El tiempo y el destino se pusieron a favor de los enamorados, quienes lograron consentir al corazón haciendo realidad los imperativos más sagrados del espíritu. Se dice que todos los elementos de la naturaleza fueron testigos de aquella poderosa unión.

Los rumores del vínculo se propagaron con presteza, hasta llegar a los oídos equivocados. Un hechicero, de reputación consagrada, recibió la noticia en medio del descontento de los celos. Motivado por las fieras de su interior, se dirigió hacia el cacique y le vaticinó una serie de desgracias que tomarían lugar en el pueblo en caso de continuar la historia de Zorzal y Agüaí.

Abrumado por los augurios de catástrofe, el cacique resolvió tomar la vida del enamorado. En el acto, Zorzal fue atado a una colosal piedra, en la cual recibiría su violento final. Un grupo de guerreros, armados con arcos, rodearon al condenado, expectantes a la instrucción.  Llegado el momento, el torrente de flechas se incrustó en el pecho del acusado.

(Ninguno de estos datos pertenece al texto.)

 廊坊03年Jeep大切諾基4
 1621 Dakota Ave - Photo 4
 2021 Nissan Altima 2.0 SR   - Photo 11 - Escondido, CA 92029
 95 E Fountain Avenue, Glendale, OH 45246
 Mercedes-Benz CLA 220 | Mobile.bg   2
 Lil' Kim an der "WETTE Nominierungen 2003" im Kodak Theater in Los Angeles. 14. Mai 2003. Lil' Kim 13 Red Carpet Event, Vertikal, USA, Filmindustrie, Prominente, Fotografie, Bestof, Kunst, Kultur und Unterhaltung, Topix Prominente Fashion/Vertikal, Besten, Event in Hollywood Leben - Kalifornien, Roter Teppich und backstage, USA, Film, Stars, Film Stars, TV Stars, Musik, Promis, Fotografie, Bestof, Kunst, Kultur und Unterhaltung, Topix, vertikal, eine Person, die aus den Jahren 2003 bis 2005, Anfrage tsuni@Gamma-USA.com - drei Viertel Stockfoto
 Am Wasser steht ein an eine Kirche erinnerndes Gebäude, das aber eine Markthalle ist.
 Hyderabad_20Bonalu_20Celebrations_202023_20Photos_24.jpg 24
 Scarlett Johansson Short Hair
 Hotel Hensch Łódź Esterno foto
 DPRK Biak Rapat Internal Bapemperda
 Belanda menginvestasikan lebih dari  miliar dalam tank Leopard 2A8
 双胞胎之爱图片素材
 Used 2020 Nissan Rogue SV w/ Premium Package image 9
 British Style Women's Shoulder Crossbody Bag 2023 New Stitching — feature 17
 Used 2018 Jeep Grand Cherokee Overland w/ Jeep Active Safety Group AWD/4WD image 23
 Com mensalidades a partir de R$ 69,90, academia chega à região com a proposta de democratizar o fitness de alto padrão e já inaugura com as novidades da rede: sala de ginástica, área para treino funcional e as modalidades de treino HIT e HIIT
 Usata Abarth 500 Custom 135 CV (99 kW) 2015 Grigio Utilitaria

Al día siguiente, Agüaí, con el pesar de la tragedia, acudió al lugar. Para su sorpresa, se encontró con un ave de pecho rojo y dulce canto que jamás había visto. De alguna manera supo que aquel ser, que recordaba por sus sonidos a la música de Zorzal, era el hombre que ella había amado, entregado por los dioses a la naturaleza en una nueva forma.